Scientists have discovered a primitive “super cluster” of galaxies forming in the early Universe, just 2.3 billion years after the Big Bang.
The structure, nicknamed Hyperion, is the largest and most massive to be found so early in the formation of the Universe, which sprang into existence around 13.7 billion years ago.
Its titanic mass is one million billion times that of the Sun.
“This is the first time that such a large structure has been identified at such a high redshift, just over two billion years after the Big Bang,” said Olga Cucciati, a researcher at the Astrophysics and Space Sciences Observatory in Bologna and lead author of a study detailing the discovery. Redshift is a measure of the changing wavelength of light travelling away from an observer. “Normally these kinds of structures are known at lower red shifts, which means when the Universe has had much more time to evolve and construct such huge things,” Cucciati said.

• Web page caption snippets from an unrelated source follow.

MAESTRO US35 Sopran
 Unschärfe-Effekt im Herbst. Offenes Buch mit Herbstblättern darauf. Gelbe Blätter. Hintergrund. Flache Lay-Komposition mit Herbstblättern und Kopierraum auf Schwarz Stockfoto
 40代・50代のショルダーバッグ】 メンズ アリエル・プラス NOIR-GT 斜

Located in the constellation of Sextans (The Sextant), Hyperion was identified by analyzing the vast amount of data obtained from the VIMOS Ultra-deep Survey, which provides a unique 3-D map of how more than 10,000 galaxies are distributed in the distant Universe. Hyperion is similar in size to nearby super clusters, though it has a very different architecture, the researchers said.
“Super clusters closer to Earth tend to have a much more concentrated distribution of mass with clear structural features,” explains co-author Brian Lemaux, an astronomer from University of California at Davis. “But in Hyperion, the mass is distributed much more uniformly in a series of connected blobs populated by loose associations of galaxies.”
This contrast is most likely due to the fact that nearby super clusters have had billions of years for gravity to gather matter together into denser regions — a process that has been acting for far less time in the much younger Hyperion. Over time, Hyperion will likely evolve into something like the Virgo Super cluster, which contains our own galaxy, the Milky Way.